What is a DEX? Differences between DEXs and CEXs

Today, we will delve into one of the key topics in Web3 and determine which trading platforms are better to use.

DEX (decentralized exchange) – platforms for cryptocurrency exchange that operate on blockchains and do not require the involvement of a third party to conduct transactions.

CEXs (centralized exchanges) were discussed in this post

Examples of DEXs:

– STON.fi, DeDust (on the TON blockchain)

– Uniswap, SushiSwap (on Ethereum, BSC, and others)

Differences between DEXs and CEXs:

1. Centralization vs. decentralization

– CEX: Controlled by a single organization that oversees all operations and holds users’ funds.

– DEX: Operates based on smart contracts that automatically execute operations without intermediaries.

2. Privacy and anonymity

– CEX: Require Know Your Customer (KYC) procedures (identity verification).

– DEX: Typically, does not require KYC, allowing for anonymity.

3. Asset control

– CEX: Users entrust their funds to the exchange, which is risky.
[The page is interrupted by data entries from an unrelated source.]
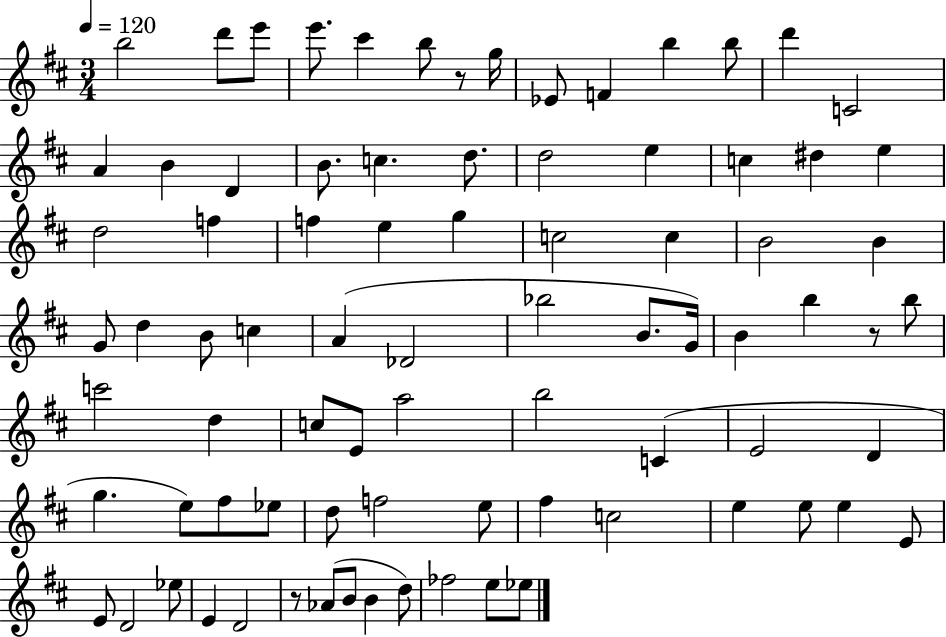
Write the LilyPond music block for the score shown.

{
  \clef treble
  \numericTimeSignature
  \time 3/4
  \key d \major
  \tempo 4 = 120
  b''2 d'''8 e'''8 | e'''8. cis'''4 b''8 r8 g''16 | ees'8 f'4 b''4 b''8 | d'''4 c'2 | \break a'4 b'4 d'4 | b'8. c''4. d''8. | d''2 e''4 | c''4 dis''4 e''4 | \break d''2 f''4 | f''4 e''4 g''4 | c''2 c''4 | b'2 b'4 | \break g'8 d''4 b'8 c''4 | a'4( des'2 | bes''2 b'8. g'16) | b'4 b''4 r8 b''8 | \break c'''2 d''4 | c''8 e'8 a''2 | b''2 c'4( | e'2 d'4 | \break g''4. e''8) fis''8 ees''8 | d''8 f''2 e''8 | fis''4 c''2 | e''4 e''8 e''4 e'8 | \break e'8 d'2 ees''8 | e'4 d'2 | r8 aes'8( b'8 b'4 d''8) | fes''2 e''8 ees''8 | \break \bar "|."
}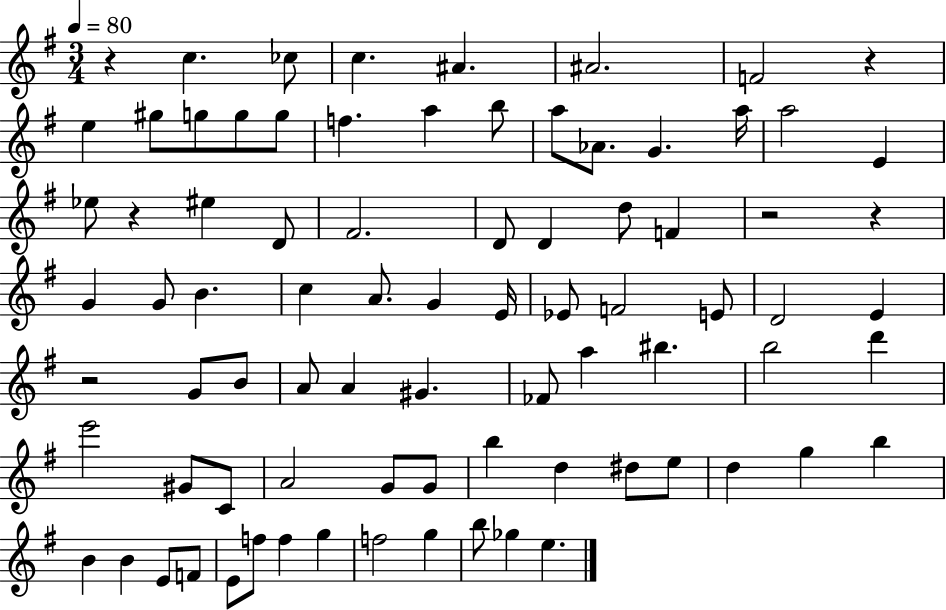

There have been cases of hacks and bankruptcies—e.g., the former major exchange FTX.

– DEX: Users hold funds in their own wallets, trade directly, and maintain full control.

4. Fees and speed

– CEX: Lower fees and high transaction speeds due to centralized infrastructure.

– DEX: Fees are usually higher (depending on the blockchain); transaction speed depends on network capacity.

5. Tokens

– CEX: Strict listing procedures limit the tokens available for trading.

– DEX: Ability to trade any tokens available on the blockchain.

Conclusions

DEXs provide more freedom and asset control, reducing the risks associated with centralized structures; however, they have their drawbacks: high fees and sometimes slower transaction speeds.

It all depends on your needs and preferences. We recommend combining DEX and CEX platforms.